Le quotidien français Le Monde a dénoncé lundi une nouvelle affaire d'espionnage dont ont été victimes deux de ses journalistes, dont l'un a été mis sur écoutes sur ordre d'un juge.

«La police a, sur ordre d'un juge, à nouveau exploré les factures téléphoniques détaillées - les fameuses fadettes - de deux journalistes du Monde», écrit le quotidien dans son édition datée du 10 septembre.

«Cette fois, les enquêteurs ont été plus loin et toutes les conversations de l'un des reporters ont été écoutées pendant un mois entier» en 2009, ajoute Le Monde.

L'affaire remonte à 2006, quand un membre du Gang des Barbares - condamné en appel à 18 ans de réclusion en 2010 pour avoir enlevé et torturé un jeune d'origine juive, Ilan Halimi, mort de ses blessures - a porté plainte, dénonçant une violation du secret de l'instruction, après la parution d'un article dans Le Monde.

Chargée d'instruire cette plainte, la magistrate Michèle Ganascia a ordonné à l'Inspection générale des services (IGS) de «procéder à toutes auditions, perquisitions, réquisitions et saisies utiles», affirme Le Monde.

L'IGS requiert alors les fadettes - sur plus d'un mois - des téléphones fixe et portable des deux signataires de l'article, Gérard Davet et Piotr Smolar.

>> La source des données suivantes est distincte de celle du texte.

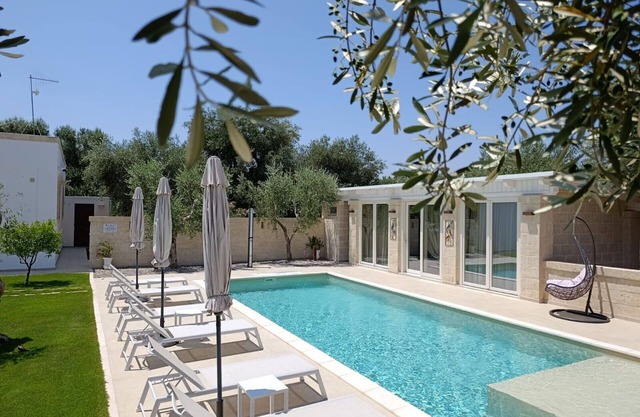 Wonderful private villa with A/C, private pool, WIFI, TV, patio and parking, close to Ostuni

Trois ans plus tard, la juge ordonne le placement sur écoutes de M. Davet pendant un mois, du 27 février au 27 mars 2009, selon Le Monde.

Le Monde, qui dénonce une violation du principe du secret des sources, déposera un recours pour faire annuler les fadettes et écoutes téléphoniques, avant d'engager des «actions judiciaires appropriées», a indiqué à l'AFP son avocat, Me François Saint-Pierre.

«Nous voulons d'une part la vérité, à savoir comprendre pourquoi M. Davet a été espionné trois ans après la parution de son article, et d'autre part tracer une jurisprudence pour la protection des sources des journalistes», a déclaré Me Saint-Pierre.

Plusieurs affaires de «fadettes» ont récemment démontré les limites de la loi de 2010 censée protéger les sources de la presse.

L'ex-patron du renseignement intérieur, Bernard Squarcini, a été renvoyé en correctionnelle en juin pour avoir fait requérir et analyser les fadettes de M. Davet dans une autre affaire, à l'origine de révélations potentiellement embarrassantes pour le pouvoir sous la présidence de Nicolas Sarkozy.

Un nouveau texte censé améliorer la protection des sources des journalistes a été adopté en juin en Conseil des ministres. De nombreux médias et associations y ont toutefois vu de nombreuses régressions pour la liberté de la presse.